Strength and post-fire performance of fiber-reinforced alkali-activated fly ash concrete containing granite industry waste

The mechanical properties and the post-fire performance of alkali-activated fly ash (AAF) concrete containing granite industry waste (GW) and polypropylene (PP) fibers were investigated to promote the application of environmentally friendly concrete. The recycled GW proportions of 0, 25, and 50% by weight were used in fine aggregates to replace the natural river sand, and the PP fiber contents of 0, 0.5, and 1.0% by volume were added to the concrete mixtures. The mechanical properties investigated included compressive strength, flexural load-deflection response, and toughness. The post-fire performance was evaluated from the residual compressive strength and weight loss, together with the visual inspection and the scanning electron microscopy (SEM) investigation of the specimens after fire exposure. It was found that the inclusion of PP fibers was effective to improve the flexural performance of AAF concrete, with or without the GW. Based on the toughness of AAF concrete, the optimal percentage for the GW replacement was 25%. After exposure to the ISO-834 standard fire, the results showed that the degradation of AAF concrete manifested itself in the inner core in the form of extensive cracking, particularly for the fiber-reinforced concrete containing the GW. The residual compressive strengths of AAF concrete were reduced to a range of only 25-39% after the fire exposure of 30 min.

Automated summary

This study explored the mechanical properties and post-fire performance of alkali-activated fly ash (AAF) concrete with the addition of granite industry waste (GW) and polypropylene (PP) fibers.
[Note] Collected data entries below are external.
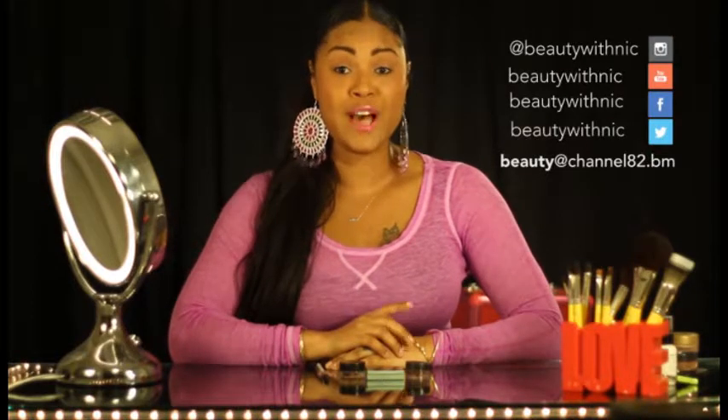that concludes this week's Beauty with the Nakeup Minute. Be sure to tune in next week for more beauty tips and tricks. Have you watched my last episode on how to do a winged eyeliner? If not, be sure to check it out on Facebook at Beauty with the Nakeup or on channel 82. Bye!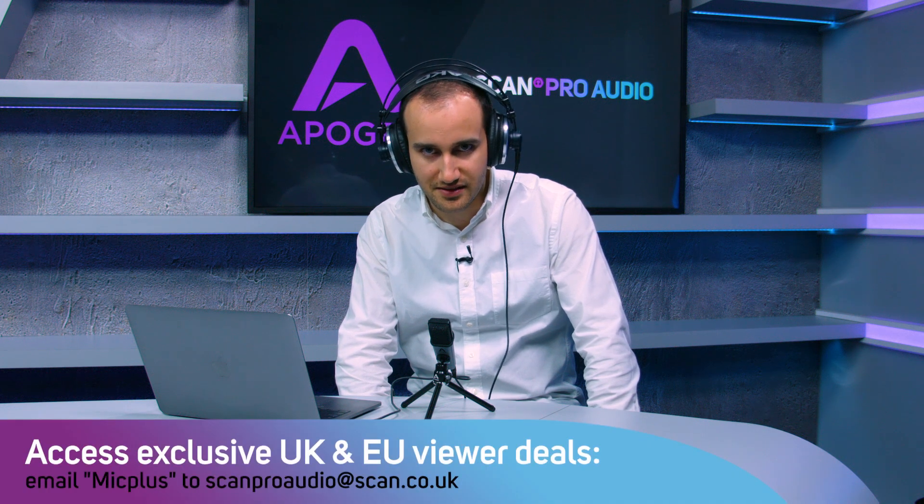Mic Plus sounds great on voiceovers. You can use Mic Plus to record podcasts, YouTube videos, home radio shows, and more. This is what Mic Plus sounds like.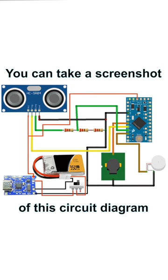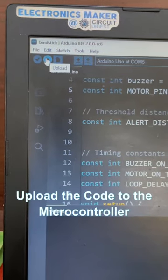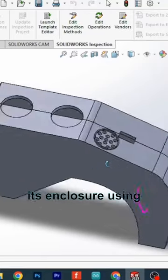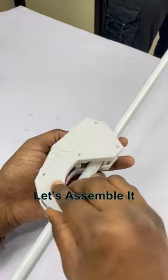You can take a screenshot of this circuit diagram to recreate this project yourself. Upload the code to the microcontroller. The final step is to design its enclosure using SOLIDWORKS and then 3D print it. Now let's assemble it and test it.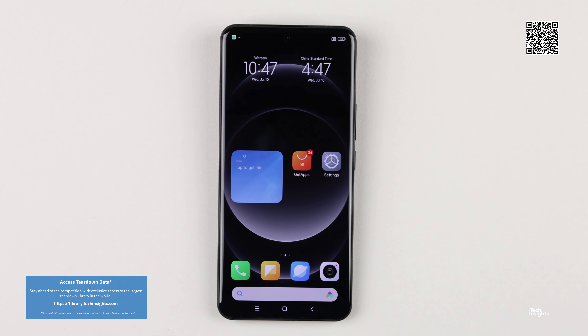Hello and thank you for joining us for the Xiaomi 14 Ultra Teardown Video, part of the Tech Insights Teardown Video series. Released in February of this year, the Xiaomi 14 Ultra followed the release of the Xiaomi 14 and the Xiaomi 14 Pro in November of 2023.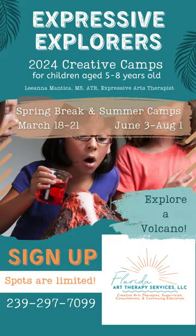Be sure to register for Expressive Explorers Camps, a spring break and summer camp series that includes all this and much more. Click the link below to learn more.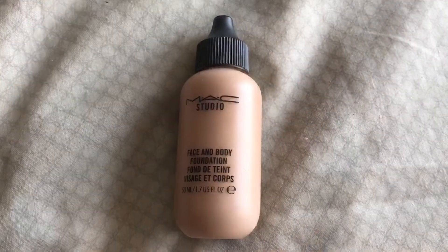Now that the concealer is done, we can move on to foundation. I'm going to be using the Mac Face and Body. I chose this lighter coverage foundation because we're going to do quite heavy highlighting and contouring, so I didn't feel we needed a heavier foundation. I put this all over my face and then blend it out using my Beauty Blender.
The effects of different proportions of GW and PP fibers on the compressive strength, flexural load-deflection response, and toughness of the concrete were investigated. The results showed that the inclusion of PP fibers improved the flexural performance of AAF concrete, and the optimal replacement percentage of GW was found to be 25%. After exposure to fire, extensive cracking was observed in the inner core of the AAF concrete, especially in the fiber-reinforced concrete containing GW.